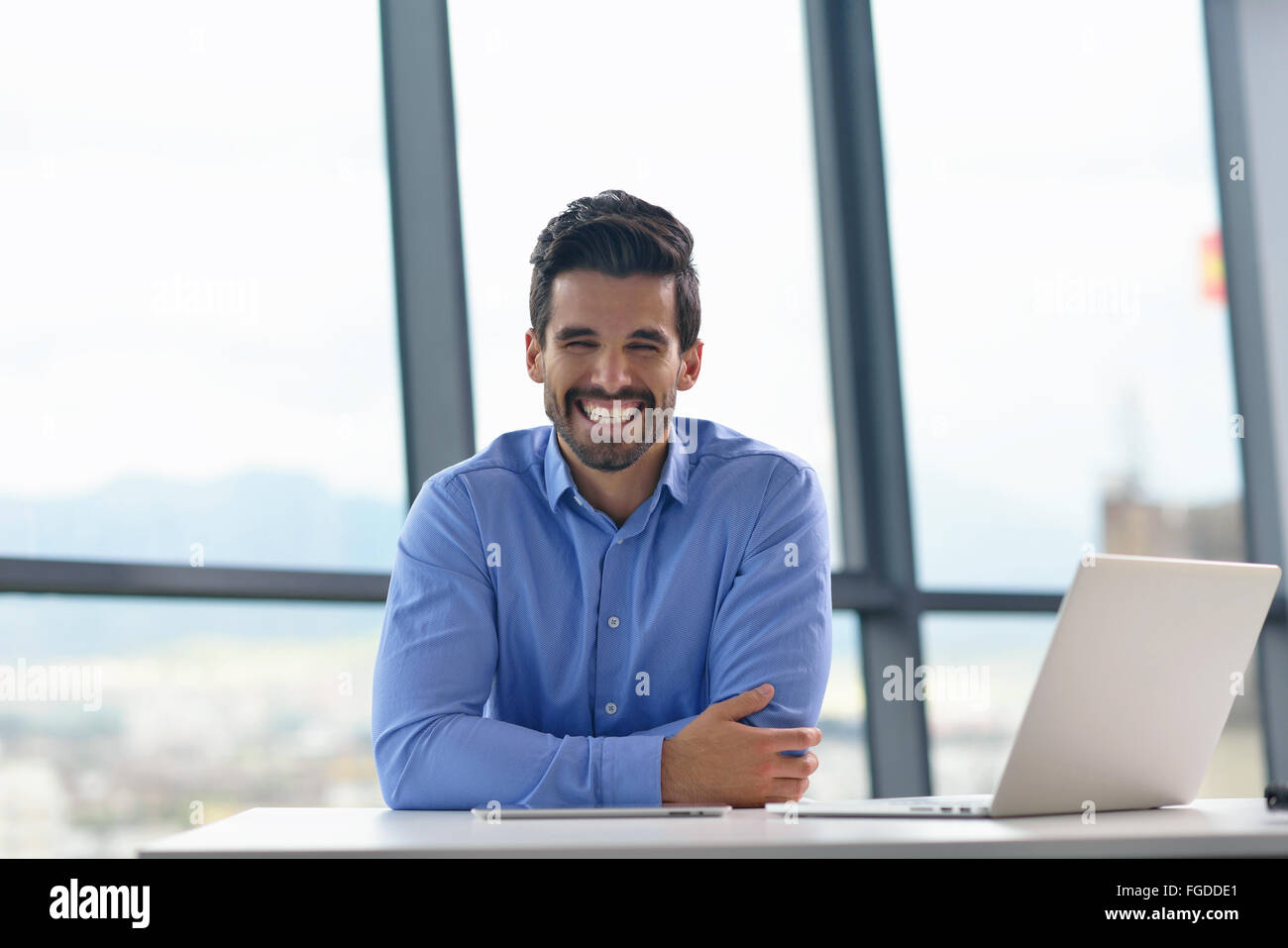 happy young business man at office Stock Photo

+ + + +

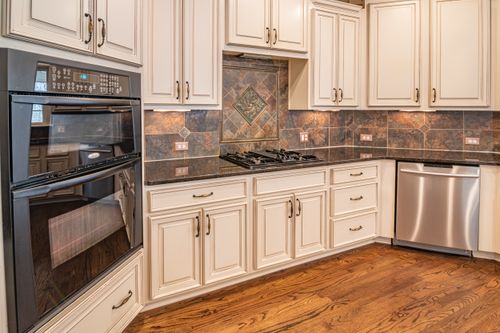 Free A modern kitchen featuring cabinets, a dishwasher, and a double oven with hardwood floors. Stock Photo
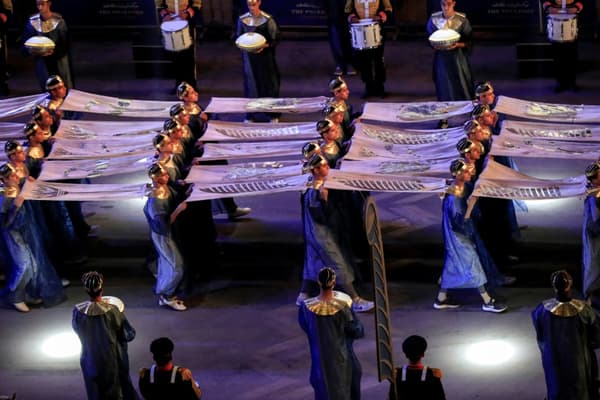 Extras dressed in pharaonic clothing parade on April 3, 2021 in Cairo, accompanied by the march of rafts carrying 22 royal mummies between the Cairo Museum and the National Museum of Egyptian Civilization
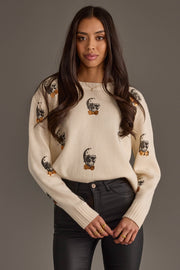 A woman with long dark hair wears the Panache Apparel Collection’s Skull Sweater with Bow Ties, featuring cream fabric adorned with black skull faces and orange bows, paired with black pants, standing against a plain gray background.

+ + + +

WHAT TO WORK ON - Copy exactly, without pictures, the lines above from the one with "Free A modern" down to the one with "A woman with", inclusive.

EXERCISE RESULT -
 Free A modern kitchen featuring cabinets, a dishwasher, and a double oven with hardwood floors. Stock Photo
 Extras dressed in pharaonic clothing parade on April 3, 2021 in Cairo, accompanied by the march of rafts carrying 22 royal mummies between the Cairo Museum and the National Museum of Egyptian Civilization
 A woman with long dark hair wears the Panache Apparel Collection’s Skull Sweater with Bow Ties, featuring cream fabric adorned with black skull faces and orange bows, paired with black pants, standing against a plain gray background.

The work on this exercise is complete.